F[y_]:=Integrate[x, {x, 0, y}]

Now you evaluate, for instance at y=2, and you get:

F[2]=2

Which is fine.

As we are happy with Mathematica understanding:

Integrate[x, {x, 0, x}] = x^2/2

Let's do the same

F[x_]:=Integrate[x, {x, 0, x}]

So far, so good, but let's use this at x=2

F[2]

... and of course we get:

Integrate::ilim: "Invalid integration variable or limit(s) in {2,0,2}."

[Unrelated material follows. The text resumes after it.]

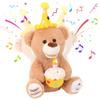 Hopearl Adorable Happy Birthday Teddy Bear with Glowing Cupcake Musical Stuffed Animal Bear Singing and Shaking Plush Toy Interactive Animated Kids Gifts, Brown, 15 view 1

As you are trying to do this:

Integrate[2, {2, 0, 2}]

Maybe abusing notation is convenient for a while, but in a CAS it will end badly.

[CR Haeger]

Hi. I've been able to do the following without much issue in CAS

solve(int(x^2,x,0,a)=10) yields [30^(1/3)]
fsolve(int(x^2,x,0,a)=10,a,0..10) yields [3.107...]

Also works if you replace a with x everywhere.

Does not seem to work if you use math template for the integral. I used toolbox 2 2.

Edited 30^(1/3).

[lrdheat]

Hi

6^(1/3) is not equal to ~3.18...why the different results?

I was using template...will try alternative

[Tim Wessman]

(05-23-2014 08:04 AM)Manolo Sobrino Wrote:  No Tim, that is (or should be) completely intentional, unless you understand that the X in the integrand is a dummy variable, but this is in fact an abuse of notation as a definite integral in which you integrate over a variable which is also a limit makes no sense(*).

Indeed. I am in 100% agreement there. I was thinking more along the lines of making that some sort of error message to enforce/educate that you shouldn't be doing that rather then making it allowed. It was just very poorly worded being written right before bed.

Right now, the X variable doesn't show up as one you can solve for (correctly) but I can see how this would be confusing since there is no explanation as to why it isn't there. Hence a bit more information/error would be a helpful thing. That is more what I was referring to instead.

[CR Haeger]

(05-23-2014 02:02 PM)lrdheat Wrote:  Hi

6^(1/3) is not equal to ~3.18...why the different results?

I was using template...will try alternative

My keying,thumbing error. Should read 30^(1/3) which I just corrected.